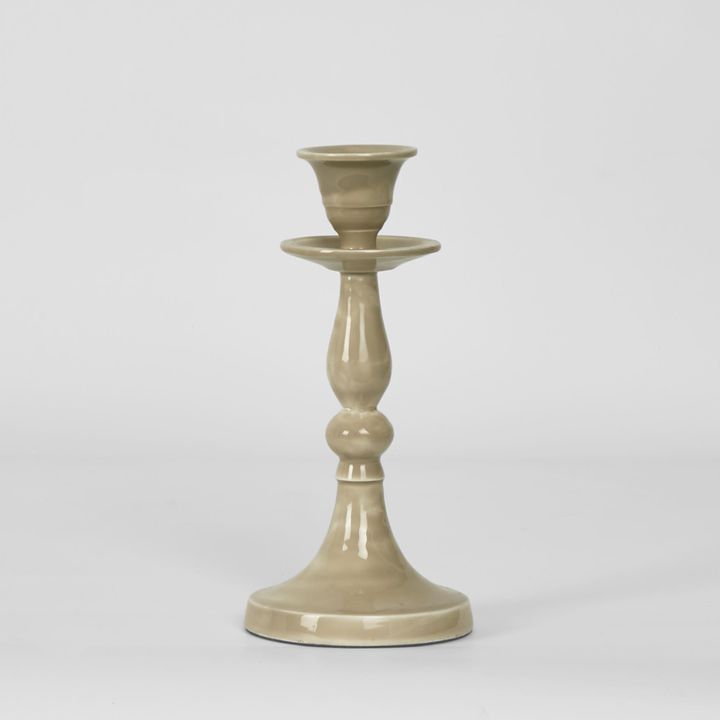 Simou Enamel Candle Stand Taupe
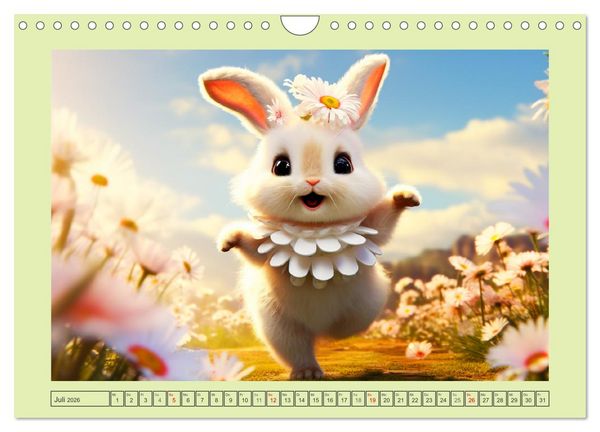 Produktbild: Liebliche Kaninchen. Flauschige Hopsis haben Spa&szlig; (Wandkalender 2026 DIN A4 quer), CALVENDO Monatskalender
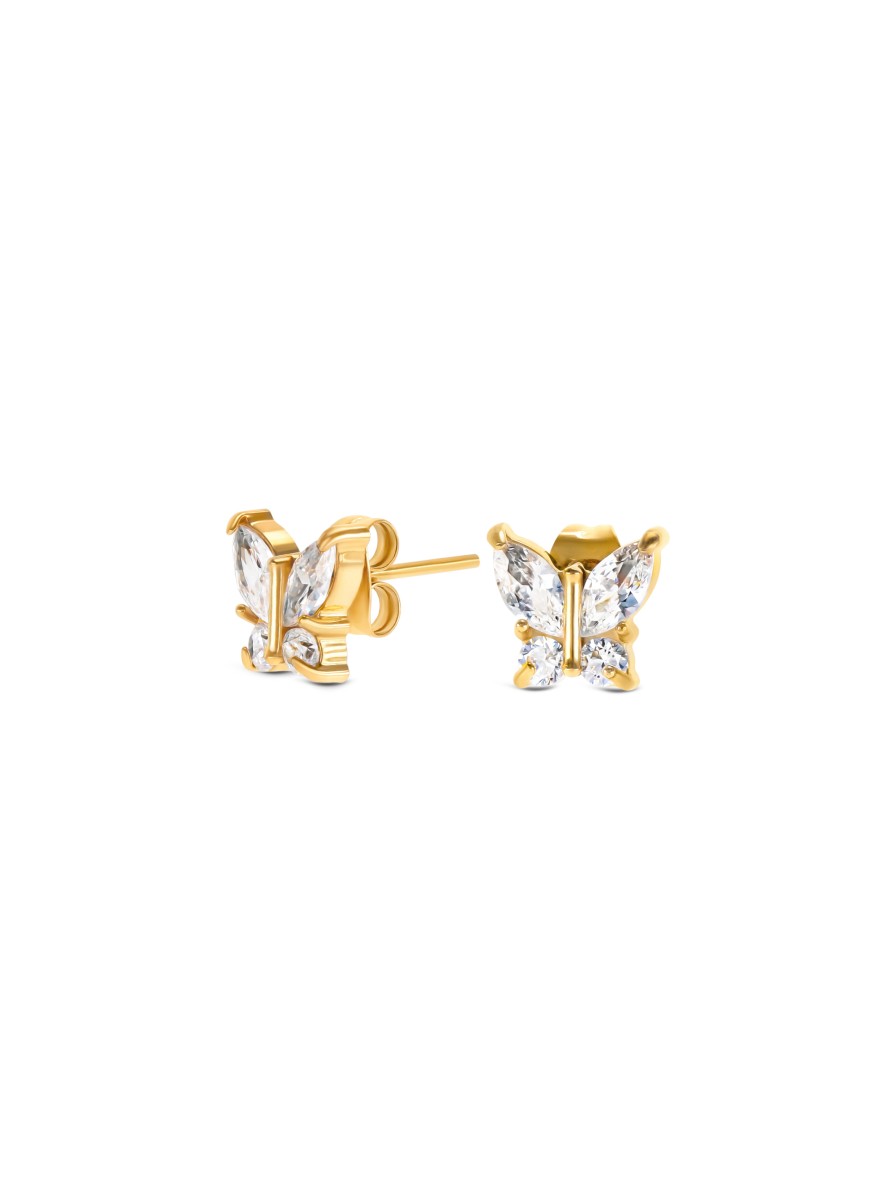Boucles d"oreilles One Butterfly Crystal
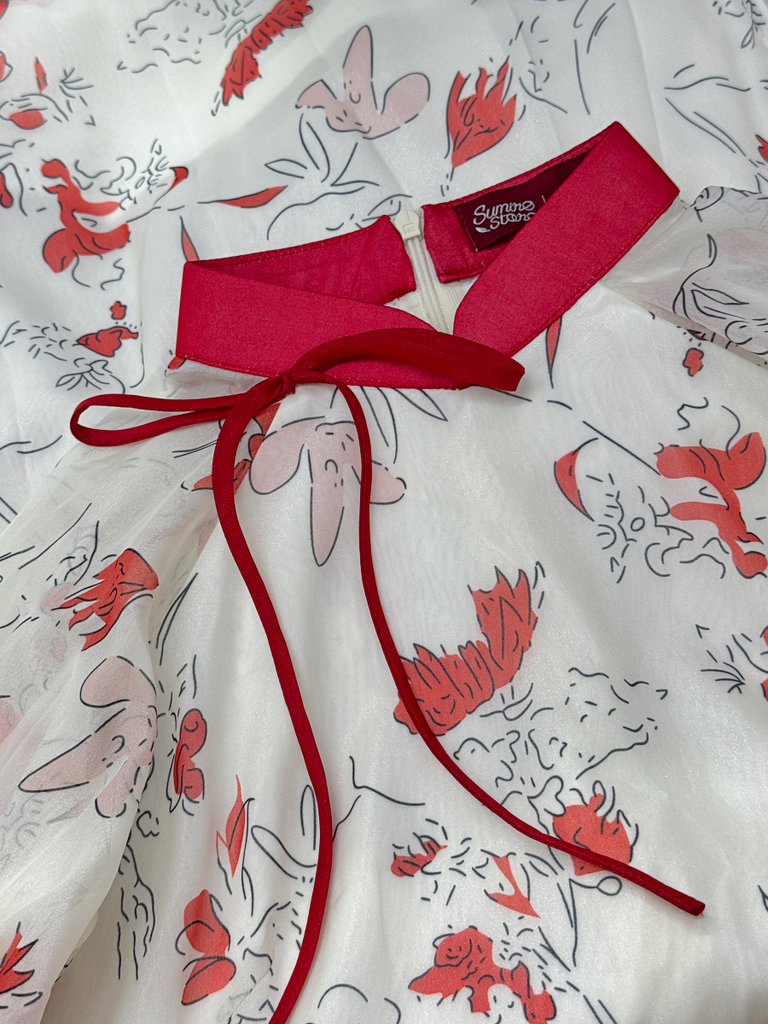 Áo dài dáng suôn An Phương - Hoa phượng đỏ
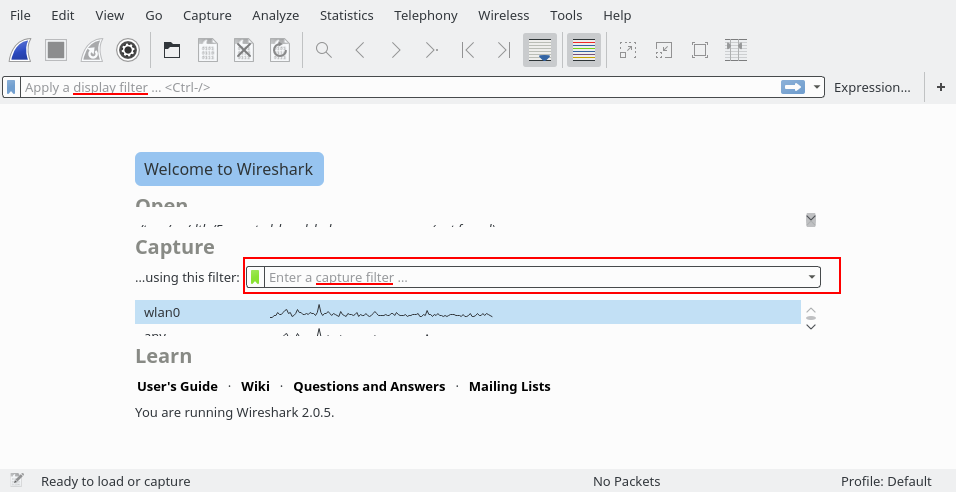 Wireshark Main Window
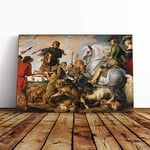 Big Box Art Canvas Print Wall Art Peter Paul Rubens The Wolf and The Fox | Mounted & Stretched Box Frame Picture | Home Decor for Kitchen, Living Room, Bedroom, Hallway, Multi-Colour, 30x20 Inch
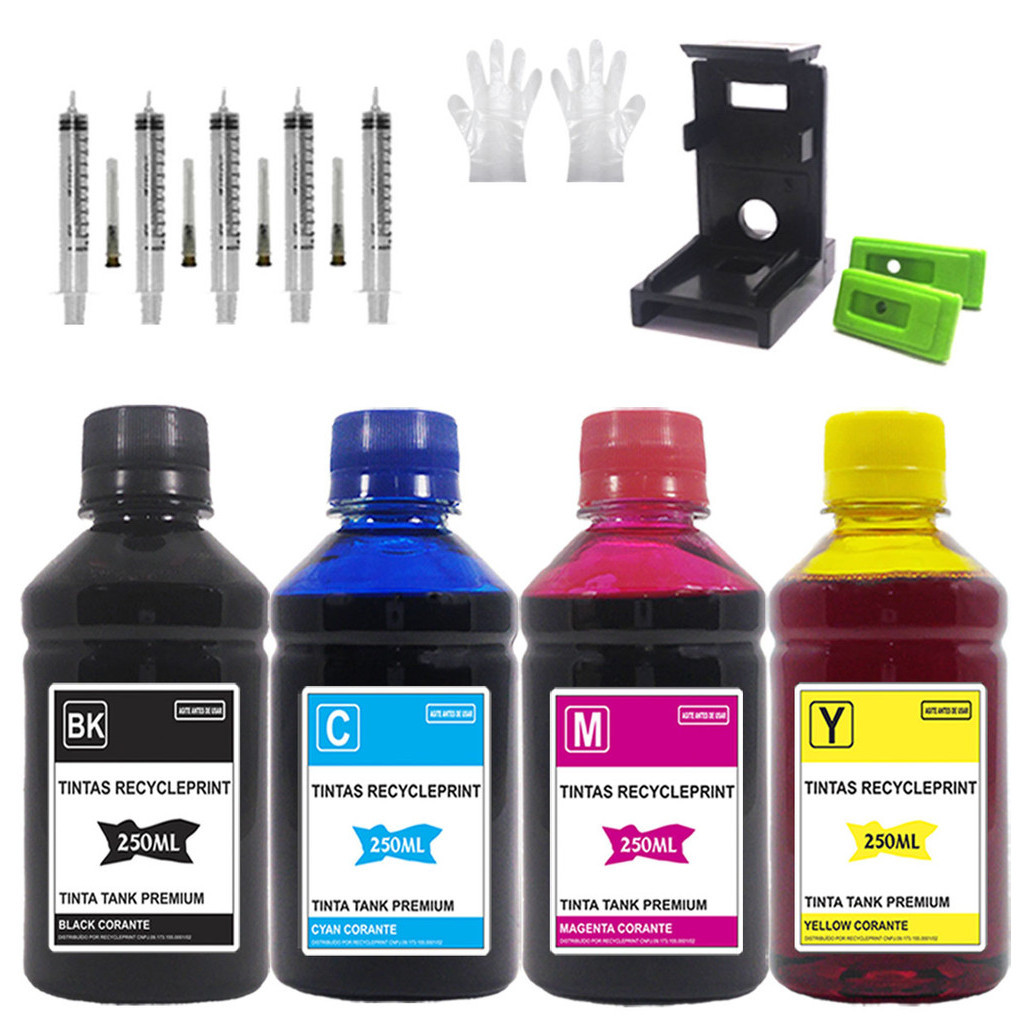 Kit tinta Recarga Cartucho impressora Compatível HP 1000 2050 3050 122 122xl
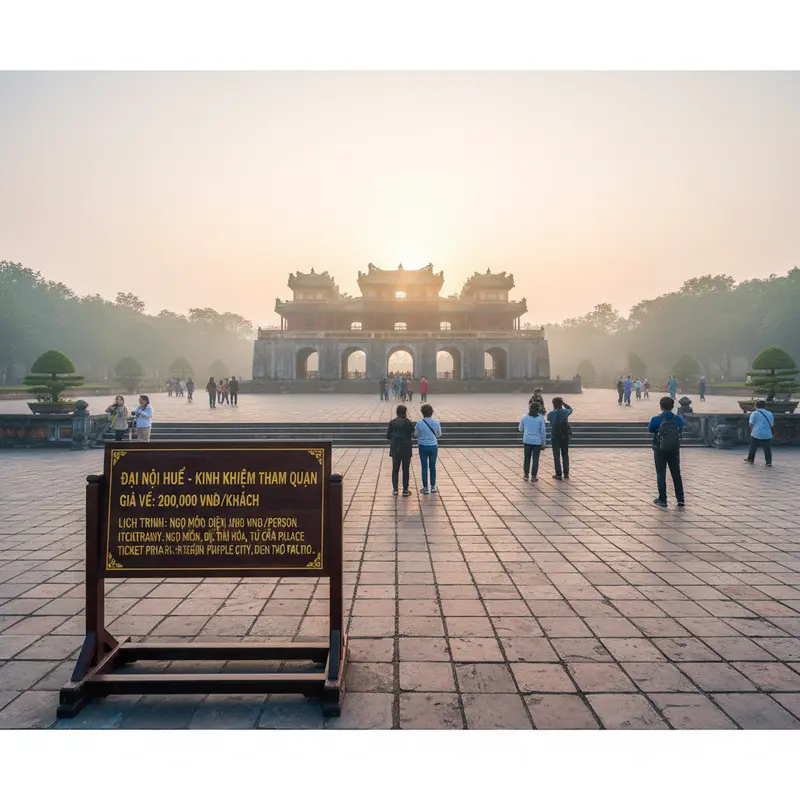Toàn cảnh Ngọ Môn nhìn từ phía trước vào buổi sáng sớm, sương mù nhẹ, du khách thưa thớt, kinh nghiệm tham quan Đại Nội Huế giá vé lịch trình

Work request: Restate every line of the data above word for word, with the images removed.

Task answer:
 Simou Enamel Candle Stand Taupe
 Produktbild: Liebliche Kaninchen. Flauschige Hopsis haben Spa&szlig; (Wandkalender 2026 DIN A4 quer), CALVENDO Monatskalender
Boucles d"oreilles One Butterfly Crystal
 Áo dài dáng suôn An Phương - Hoa phượng đỏ
 Wireshark Main Window
 Big Box Art Canvas Print Wall Art Peter Paul Rubens The Wolf and The Fox | Mounted & Stretched Box Frame Picture | Home Decor for Kitchen, Living Room, Bedroom, Hallway, Multi-Colour, 30x20 Inch
 Kit tinta Recarga Cartucho impressora Compatível HP 1000 2050 3050 122 122xl
Toàn cảnh Ngọ Môn nhìn từ phía trước vào buổi sáng sớm, sương mù nhẹ, du khách thưa thớt, kinh nghiệm tham quan Đại Nội Huế giá vé lịch trình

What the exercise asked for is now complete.